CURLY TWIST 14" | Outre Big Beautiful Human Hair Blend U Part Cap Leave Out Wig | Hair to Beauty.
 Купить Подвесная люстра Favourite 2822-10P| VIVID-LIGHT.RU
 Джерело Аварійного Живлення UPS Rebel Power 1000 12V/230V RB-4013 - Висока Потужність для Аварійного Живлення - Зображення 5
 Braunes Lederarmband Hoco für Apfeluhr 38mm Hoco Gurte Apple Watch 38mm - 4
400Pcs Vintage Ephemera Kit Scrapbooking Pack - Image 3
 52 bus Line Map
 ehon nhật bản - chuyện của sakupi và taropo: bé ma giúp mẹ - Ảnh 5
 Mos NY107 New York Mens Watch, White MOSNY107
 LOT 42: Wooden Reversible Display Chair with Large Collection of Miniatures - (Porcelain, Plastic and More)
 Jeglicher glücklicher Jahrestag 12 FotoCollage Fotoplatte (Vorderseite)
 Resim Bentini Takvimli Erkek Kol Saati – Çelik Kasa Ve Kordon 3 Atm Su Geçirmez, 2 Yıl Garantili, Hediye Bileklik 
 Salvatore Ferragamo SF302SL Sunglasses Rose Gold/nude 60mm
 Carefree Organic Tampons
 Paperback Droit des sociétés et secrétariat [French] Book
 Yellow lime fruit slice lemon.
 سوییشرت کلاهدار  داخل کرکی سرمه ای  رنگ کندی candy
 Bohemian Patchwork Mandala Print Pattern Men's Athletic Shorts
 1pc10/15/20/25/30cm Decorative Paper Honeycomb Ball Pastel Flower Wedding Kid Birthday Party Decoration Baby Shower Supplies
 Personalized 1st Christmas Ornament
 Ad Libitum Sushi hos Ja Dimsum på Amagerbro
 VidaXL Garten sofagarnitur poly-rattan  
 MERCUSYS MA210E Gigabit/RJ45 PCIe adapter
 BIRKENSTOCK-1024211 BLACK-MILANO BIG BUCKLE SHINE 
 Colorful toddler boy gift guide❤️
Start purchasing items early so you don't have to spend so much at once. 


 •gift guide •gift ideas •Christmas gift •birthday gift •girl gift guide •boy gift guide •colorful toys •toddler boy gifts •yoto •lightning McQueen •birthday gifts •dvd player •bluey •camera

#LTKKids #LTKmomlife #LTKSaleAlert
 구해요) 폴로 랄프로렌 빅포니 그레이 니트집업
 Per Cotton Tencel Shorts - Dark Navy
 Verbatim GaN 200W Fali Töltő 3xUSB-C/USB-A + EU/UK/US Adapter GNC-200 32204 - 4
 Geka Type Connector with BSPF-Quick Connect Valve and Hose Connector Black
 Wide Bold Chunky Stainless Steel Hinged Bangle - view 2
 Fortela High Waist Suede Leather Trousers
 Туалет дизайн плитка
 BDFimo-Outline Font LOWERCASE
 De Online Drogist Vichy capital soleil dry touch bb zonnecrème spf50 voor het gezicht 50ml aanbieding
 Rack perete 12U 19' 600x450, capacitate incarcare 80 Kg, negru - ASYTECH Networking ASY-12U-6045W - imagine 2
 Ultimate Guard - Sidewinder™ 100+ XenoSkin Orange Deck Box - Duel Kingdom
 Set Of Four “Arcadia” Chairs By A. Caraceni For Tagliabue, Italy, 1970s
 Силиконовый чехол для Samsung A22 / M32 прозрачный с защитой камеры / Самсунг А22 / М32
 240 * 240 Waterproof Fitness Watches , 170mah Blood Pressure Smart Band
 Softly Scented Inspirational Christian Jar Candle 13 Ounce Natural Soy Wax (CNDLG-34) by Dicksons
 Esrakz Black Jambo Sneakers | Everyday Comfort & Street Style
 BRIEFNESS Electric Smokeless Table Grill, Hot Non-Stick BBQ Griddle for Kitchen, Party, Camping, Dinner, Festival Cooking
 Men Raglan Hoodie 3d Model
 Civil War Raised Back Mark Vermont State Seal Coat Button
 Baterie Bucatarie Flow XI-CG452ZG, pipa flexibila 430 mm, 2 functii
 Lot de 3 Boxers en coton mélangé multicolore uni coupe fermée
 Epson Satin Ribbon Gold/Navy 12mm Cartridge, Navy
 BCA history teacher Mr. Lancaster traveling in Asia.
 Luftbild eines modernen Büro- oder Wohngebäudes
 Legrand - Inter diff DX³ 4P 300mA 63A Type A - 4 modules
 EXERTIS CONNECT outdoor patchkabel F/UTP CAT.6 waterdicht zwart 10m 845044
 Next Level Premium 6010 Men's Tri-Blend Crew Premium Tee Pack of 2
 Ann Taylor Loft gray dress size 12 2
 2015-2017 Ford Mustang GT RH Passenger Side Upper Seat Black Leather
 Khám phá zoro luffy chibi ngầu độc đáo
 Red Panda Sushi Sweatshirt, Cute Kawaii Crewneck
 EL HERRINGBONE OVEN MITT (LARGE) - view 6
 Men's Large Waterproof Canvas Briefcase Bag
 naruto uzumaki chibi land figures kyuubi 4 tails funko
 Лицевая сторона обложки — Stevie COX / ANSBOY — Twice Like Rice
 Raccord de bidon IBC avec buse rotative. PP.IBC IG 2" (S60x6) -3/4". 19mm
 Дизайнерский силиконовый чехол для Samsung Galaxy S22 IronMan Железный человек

* * * *

### [Your goal]
All of the entries are to be transcribed exactly.

### [Task result]
CURLY TWIST 14" | Outre Big Beautiful Human Hair Blend U Part Cap Leave Out Wig | Hair to Beauty.
 Купить Подвесная люстра Favourite 2822-10P| VIVID-LIGHT.RU
 Джерело Аварійного Живлення UPS Rebel Power 1000 12V/230V RB-4013 - Висока Потужність для Аварійного Живлення - Зображення 5
 Braunes Lederarmband Hoco für Apfeluhr 38mm Hoco Gurte Apple Watch 38mm - 4
400Pcs Vintage Ephemera Kit Scrapbooking Pack - Image 3
 52 bus Line Map
 ehon nhật bản - chuyện của sakupi và taropo: bé ma giúp mẹ - Ảnh 5
 Mos NY107 New York Mens Watch, White MOSNY107
 LOT 42: Wooden Reversible Display Chair with Large Collection of Miniatures - (Porcelain, Plastic and More)
 Jeglicher glücklicher Jahrestag 12 FotoCollage Fotoplatte (Vorderseite)
 Resim Bentini Takvimli Erkek Kol Saati – Çelik Kasa Ve Kordon 3 Atm Su Geçirmez, 2 Yıl Garantili, Hediye Bileklik 
 Salvatore Ferragamo SF302SL Sunglasses Rose Gold/nude 60mm
 Carefree Organic Tampons
 Paperback Droit des sociétés et secrétariat [French] Book
 Yellow lime fruit slice lemon.
 سوییشرت کلاهدار  داخل کرکی سرمه ای  رنگ کندی candy
 Bohemian Patchwork Mandala Print Pattern Men's Athletic Shorts
 1pc10/15/20/25/30cm Decorative Paper Honeycomb Ball Pastel Flower Wedding Kid Birthday Party Decoration Baby Shower Supplies
 Personalized 1st Christmas Ornament
 Ad Libitum Sushi hos Ja Dimsum på Amagerbro
 VidaXL Garten sofagarnitur poly-rattan  
 MERCUSYS MA210E Gigabit/RJ45 PCIe adapter
 BIRKENSTOCK-1024211 BLACK-MILANO BIG BUCKLE SHINE 
 Colorful toddler boy gift guide❤️
Start purchasing items early so you don't have to spend so much at once. 


 •gift guide •gift ideas •Christmas gift •birthday gift •girl gift guide •boy gift guide •colorful toys •toddler boy gifts •yoto •lightning McQueen •birthday gifts •dvd player •bluey •camera

#LTKKids #LTKmomlife #LTKSaleAlert
 구해요) 폴로 랄프로렌 빅포니 그레이 니트집업
 Per Cotton Tencel Shorts - Dark Navy
 Verbatim GaN 200W Fali Töltő 3xUSB-C/USB-A + EU/UK/US Adapter GNC-200 32204 - 4
 Geka Type Connector with BSPF-Quick Connect Valve and Hose Connector Black
 Wide Bold Chunky Stainless Steel Hinged Bangle - view 2
 Fortela High Waist Suede Leather Trousers
 Туалет дизайн плитка
 BDFimo-Outline Font LOWERCASE
 De Online Drogist Vichy capital soleil dry touch bb zonnecrème spf50 voor het gezicht 50ml aanbieding
 Rack perete 12U 19' 600x450, capacitate incarcare 80 Kg, negru - ASYTECH Networking ASY-12U-6045W - imagine 2
 Ultimate Guard - Sidewinder™ 100+ XenoSkin Orange Deck Box - Duel Kingdom
 Set Of Four “Arcadia” Chairs By A. Caraceni For Tagliabue, Italy, 1970s
 Силиконовый чехол для Samsung A22 / M32 прозрачный с защитой камеры / Самсунг А22 / М32
 240 * 240 Waterproof Fitness Watches , 170mah Blood Pressure Smart Band
 Softly Scented Inspirational Christian Jar Candle 13 Ounce Natural Soy Wax (CNDLG-34) by Dicksons
 Esrakz Black Jambo Sneakers | Everyday Comfort & Street Style
 BRIEFNESS Electric Smokeless Table Grill, Hot Non-Stick BBQ Griddle for Kitchen, Party, Camping, Dinner, Festival Cooking
 Men Raglan Hoodie 3d Model
 Civil War Raised Back Mark Vermont State Seal Coat Button
 Baterie Bucatarie Flow XI-CG452ZG, pipa flexibila 430 mm, 2 functii
 Lot de 3 Boxers en coton mélangé multicolore uni coupe fermée
 Epson Satin Ribbon Gold/Navy 12mm Cartridge, Navy
 BCA history teacher Mr. Lancaster traveling in Asia.
 Luftbild eines modernen Büro- oder Wohngebäudes
 Legrand - Inter diff DX³ 4P 300mA 63A Type A - 4 modules
 EXERTIS CONNECT outdoor patchkabel F/UTP CAT.6 waterdicht zwart 10m 845044
 Next Level Premium 6010 Men's Tri-Blend Crew Premium Tee Pack of 2
 Ann Taylor Loft gray dress size 12 2
 2015-2017 Ford Mustang GT RH Passenger Side Upper Seat Black Leather
 Khám phá zoro luffy chibi ngầu độc đáo
 Red Panda Sushi Sweatshirt, Cute Kawaii Crewneck
 EL HERRINGBONE OVEN MITT (LARGE) - view 6
 Men's Large Waterproof Canvas Briefcase Bag
 naruto uzumaki chibi land figures kyuubi 4 tails funko
 Лицевая сторона обложки — Stevie COX / ANSBOY — Twice Like Rice
 Raccord de bidon IBC avec buse rotative. PP.IBC IG 2" (S60x6) -3/4". 19mm
 Дизайнерский силиконовый чехол для Samsung Galaxy S22 IronMan Железный человек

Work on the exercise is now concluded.